As we can see, the cold weather is now expected to extend towards the weekend and reach as far deep south as far as Libya and Egypt over the weekend. It will be very cold across the eastern half of Europe at least until the middle of next week.
FEBRUARY’s WINTER STRIKES
It may have been a slow start to the European winter this season, but now February, the final winter month, returns with the bang. Might be that grand finale with ‘all bets in’ one could say.
The temperatures across the southern portions of Europe were warm over the weekend and early this week, with many regions hitting 15 to 20 °C. Even spring-like weather of around 25 °C in Turkey this Tuesday! If you live in these areas and don’t like the cold weather, you will be missing these days very soon.
The current pattern evolving over Europe has brought a huge temperature contrast between southern and northern Europe, with a frontal zone in between. Several consecutive frontal systems brought heavy rains and local flooding in the south, with mild weather stretching from the Iberian peninsula across the Mediterranean to the Black Sea region.
Further north, it has been pretty wild weather with deep snow reported from eastern England across northern Benelux and Germany over the weekend into early days this week. The Netherlands and northwestern Germany, in particular, were severely hit by a massive snowstorm.

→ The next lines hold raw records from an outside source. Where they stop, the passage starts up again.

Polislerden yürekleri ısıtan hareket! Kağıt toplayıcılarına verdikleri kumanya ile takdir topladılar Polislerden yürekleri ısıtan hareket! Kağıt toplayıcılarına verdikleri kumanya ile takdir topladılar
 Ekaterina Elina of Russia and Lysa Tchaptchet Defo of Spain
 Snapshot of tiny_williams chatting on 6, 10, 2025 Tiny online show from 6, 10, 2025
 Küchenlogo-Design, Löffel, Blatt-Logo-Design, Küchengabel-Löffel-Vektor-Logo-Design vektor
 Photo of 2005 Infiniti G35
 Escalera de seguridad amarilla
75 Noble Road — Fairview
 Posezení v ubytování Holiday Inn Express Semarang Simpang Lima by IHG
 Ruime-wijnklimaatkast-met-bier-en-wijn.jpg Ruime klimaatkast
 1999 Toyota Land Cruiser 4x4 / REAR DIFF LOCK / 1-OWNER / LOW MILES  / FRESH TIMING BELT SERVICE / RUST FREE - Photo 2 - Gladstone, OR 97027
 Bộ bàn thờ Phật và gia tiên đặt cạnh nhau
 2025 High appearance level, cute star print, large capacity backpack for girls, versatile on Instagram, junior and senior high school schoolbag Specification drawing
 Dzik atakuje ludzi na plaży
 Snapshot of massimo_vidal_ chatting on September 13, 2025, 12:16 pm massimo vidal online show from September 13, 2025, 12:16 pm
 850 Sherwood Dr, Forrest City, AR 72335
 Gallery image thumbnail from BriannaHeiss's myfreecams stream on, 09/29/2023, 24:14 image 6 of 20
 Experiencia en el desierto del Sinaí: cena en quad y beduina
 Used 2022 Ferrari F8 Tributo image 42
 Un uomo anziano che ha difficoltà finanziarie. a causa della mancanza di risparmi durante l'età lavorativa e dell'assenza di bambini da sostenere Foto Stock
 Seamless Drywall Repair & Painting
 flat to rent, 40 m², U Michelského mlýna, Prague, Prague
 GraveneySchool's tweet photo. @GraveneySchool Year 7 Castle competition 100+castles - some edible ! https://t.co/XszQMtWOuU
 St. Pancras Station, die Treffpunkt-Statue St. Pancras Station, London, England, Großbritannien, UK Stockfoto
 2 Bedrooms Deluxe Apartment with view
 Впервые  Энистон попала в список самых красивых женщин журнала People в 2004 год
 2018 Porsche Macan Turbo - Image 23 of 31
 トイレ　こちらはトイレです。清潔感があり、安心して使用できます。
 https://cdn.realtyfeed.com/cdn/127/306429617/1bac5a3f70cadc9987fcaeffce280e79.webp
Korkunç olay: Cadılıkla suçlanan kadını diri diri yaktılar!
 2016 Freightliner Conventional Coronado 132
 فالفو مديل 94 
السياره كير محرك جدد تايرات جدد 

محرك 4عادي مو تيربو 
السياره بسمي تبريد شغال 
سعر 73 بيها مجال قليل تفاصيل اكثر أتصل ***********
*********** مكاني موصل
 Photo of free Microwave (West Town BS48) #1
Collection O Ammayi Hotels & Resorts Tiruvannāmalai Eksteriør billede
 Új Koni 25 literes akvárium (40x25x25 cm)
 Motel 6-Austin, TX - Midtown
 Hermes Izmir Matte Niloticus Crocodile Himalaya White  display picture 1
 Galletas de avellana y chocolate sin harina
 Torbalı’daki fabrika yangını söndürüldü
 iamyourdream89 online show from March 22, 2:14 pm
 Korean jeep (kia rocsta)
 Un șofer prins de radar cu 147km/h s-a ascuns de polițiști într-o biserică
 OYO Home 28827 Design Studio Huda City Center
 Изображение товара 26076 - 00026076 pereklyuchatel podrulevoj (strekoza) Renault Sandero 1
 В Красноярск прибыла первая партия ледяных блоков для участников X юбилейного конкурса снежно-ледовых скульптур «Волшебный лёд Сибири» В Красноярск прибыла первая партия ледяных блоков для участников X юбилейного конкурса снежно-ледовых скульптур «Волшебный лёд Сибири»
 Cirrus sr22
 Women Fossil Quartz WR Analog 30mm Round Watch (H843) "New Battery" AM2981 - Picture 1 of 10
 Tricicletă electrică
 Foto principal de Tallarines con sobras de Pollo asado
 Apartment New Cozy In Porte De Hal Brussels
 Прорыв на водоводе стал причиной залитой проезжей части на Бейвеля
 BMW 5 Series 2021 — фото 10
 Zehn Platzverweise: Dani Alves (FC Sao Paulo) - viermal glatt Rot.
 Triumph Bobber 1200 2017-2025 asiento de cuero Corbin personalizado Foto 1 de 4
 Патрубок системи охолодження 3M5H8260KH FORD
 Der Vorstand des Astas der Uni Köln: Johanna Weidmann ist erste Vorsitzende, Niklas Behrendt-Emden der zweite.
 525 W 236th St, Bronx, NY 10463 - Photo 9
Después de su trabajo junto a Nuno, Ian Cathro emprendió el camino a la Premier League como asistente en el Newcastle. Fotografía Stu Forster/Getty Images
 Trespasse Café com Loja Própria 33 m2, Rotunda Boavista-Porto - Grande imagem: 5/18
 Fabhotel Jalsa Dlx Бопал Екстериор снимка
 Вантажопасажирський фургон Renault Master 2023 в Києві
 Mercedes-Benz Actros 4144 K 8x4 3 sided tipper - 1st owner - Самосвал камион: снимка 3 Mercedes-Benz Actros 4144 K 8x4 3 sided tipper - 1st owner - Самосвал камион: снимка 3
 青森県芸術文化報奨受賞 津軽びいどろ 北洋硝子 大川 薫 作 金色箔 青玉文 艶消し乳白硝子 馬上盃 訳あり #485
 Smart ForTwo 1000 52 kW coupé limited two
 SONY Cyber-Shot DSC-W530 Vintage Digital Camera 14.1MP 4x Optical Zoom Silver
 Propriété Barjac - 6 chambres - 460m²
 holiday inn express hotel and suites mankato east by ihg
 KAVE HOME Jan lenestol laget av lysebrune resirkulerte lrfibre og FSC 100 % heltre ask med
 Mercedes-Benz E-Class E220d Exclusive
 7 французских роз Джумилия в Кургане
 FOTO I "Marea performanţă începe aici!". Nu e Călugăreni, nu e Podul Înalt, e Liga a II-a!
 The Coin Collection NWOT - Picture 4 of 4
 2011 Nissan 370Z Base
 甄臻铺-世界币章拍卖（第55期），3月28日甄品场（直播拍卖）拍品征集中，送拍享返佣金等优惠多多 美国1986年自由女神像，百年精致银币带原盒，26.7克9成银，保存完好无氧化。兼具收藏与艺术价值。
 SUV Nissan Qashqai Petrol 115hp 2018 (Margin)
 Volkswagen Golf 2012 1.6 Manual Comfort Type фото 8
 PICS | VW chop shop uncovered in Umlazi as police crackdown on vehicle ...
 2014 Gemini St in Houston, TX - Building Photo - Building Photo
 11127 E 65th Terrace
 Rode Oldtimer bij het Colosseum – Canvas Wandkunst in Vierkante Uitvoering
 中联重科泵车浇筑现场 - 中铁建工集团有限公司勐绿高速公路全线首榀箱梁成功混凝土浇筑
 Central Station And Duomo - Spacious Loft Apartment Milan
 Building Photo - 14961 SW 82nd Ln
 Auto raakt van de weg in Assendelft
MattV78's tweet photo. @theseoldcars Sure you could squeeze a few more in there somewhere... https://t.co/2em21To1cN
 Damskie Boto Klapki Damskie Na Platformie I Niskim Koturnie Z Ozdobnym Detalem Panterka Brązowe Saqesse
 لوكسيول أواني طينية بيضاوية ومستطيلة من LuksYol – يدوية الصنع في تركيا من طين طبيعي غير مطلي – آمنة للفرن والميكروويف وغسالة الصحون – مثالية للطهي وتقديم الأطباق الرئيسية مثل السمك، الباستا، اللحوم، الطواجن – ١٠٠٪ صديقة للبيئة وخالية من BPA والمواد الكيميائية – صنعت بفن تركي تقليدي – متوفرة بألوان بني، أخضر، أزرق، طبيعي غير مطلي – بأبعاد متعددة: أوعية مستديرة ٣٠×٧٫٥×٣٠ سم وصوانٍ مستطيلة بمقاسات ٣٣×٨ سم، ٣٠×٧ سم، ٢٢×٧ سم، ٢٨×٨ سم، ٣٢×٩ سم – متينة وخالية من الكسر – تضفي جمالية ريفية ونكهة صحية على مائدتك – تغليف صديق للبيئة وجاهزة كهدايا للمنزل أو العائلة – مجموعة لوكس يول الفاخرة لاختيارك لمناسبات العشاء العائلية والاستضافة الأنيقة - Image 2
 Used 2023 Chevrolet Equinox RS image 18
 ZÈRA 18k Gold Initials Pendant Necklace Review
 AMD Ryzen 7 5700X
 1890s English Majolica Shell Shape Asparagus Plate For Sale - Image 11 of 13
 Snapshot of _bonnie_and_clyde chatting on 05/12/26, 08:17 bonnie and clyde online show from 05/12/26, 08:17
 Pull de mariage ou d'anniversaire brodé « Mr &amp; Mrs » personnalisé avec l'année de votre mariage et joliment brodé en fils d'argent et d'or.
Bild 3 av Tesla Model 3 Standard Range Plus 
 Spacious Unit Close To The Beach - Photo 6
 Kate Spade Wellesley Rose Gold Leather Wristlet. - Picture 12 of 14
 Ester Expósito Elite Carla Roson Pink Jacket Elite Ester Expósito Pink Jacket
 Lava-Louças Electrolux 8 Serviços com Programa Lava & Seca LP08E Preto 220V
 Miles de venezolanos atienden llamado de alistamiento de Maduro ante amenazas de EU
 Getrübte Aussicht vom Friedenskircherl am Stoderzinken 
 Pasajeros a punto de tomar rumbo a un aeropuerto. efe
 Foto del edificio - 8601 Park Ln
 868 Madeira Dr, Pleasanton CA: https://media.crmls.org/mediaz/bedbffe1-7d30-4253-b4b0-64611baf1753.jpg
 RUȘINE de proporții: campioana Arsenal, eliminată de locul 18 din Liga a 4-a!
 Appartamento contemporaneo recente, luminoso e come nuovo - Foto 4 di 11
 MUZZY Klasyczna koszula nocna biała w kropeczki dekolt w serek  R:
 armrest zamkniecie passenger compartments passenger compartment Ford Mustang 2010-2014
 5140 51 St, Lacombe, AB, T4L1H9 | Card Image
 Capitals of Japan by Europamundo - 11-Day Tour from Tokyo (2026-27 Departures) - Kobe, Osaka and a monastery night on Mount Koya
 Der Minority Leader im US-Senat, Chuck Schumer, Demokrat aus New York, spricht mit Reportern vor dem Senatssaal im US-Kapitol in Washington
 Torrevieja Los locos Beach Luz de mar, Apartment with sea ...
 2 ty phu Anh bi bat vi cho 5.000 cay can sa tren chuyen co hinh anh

This was the first significant winter storm for the region in more than 10 years. Yes, this just shows you how rare their events have become over the last decade.
The system was named Darcy and significantly disrupted the transport and traffic between Netherlands and Germany on Monday, including the usually smooth rail connections. Some parts were badly hit with a huge amount of snow, combined with strong winds resulting in blowing snow.
There will be a couple of winter storms traveling from west to east over the next five days, with one system crossing the northern Mediterranean and the Balkans on Wednesday. This low will be strengthening while moving across eastern Europe, associated with a major snowstorm from central Balkans to Ukraine and Belarus on Thursday through Friday.
Another system emerges over Italy on Friday and brings stormy weather with also quite some snow across south-central Italy, and especially across the southern Balkans (Albania, Greece, Bulgaria, and Turkey) with a massive snowstorm and blizzard conditions over the weekend.
BREAK-OFF LOBE of POLAR VORTEX PUSHES THE COLD FAR SOUTH
The weather so far this winter has shown strong pattern dynamics, especially over the last few weeks with a continuous frontal system coming east from the Atlantic. This pattern has become more dynamic after the Polar Vortex collapse in early January. As actually quite typical, the dominant feature afterward was the high-pressure over the Arctic region, being the strongest over Greenland.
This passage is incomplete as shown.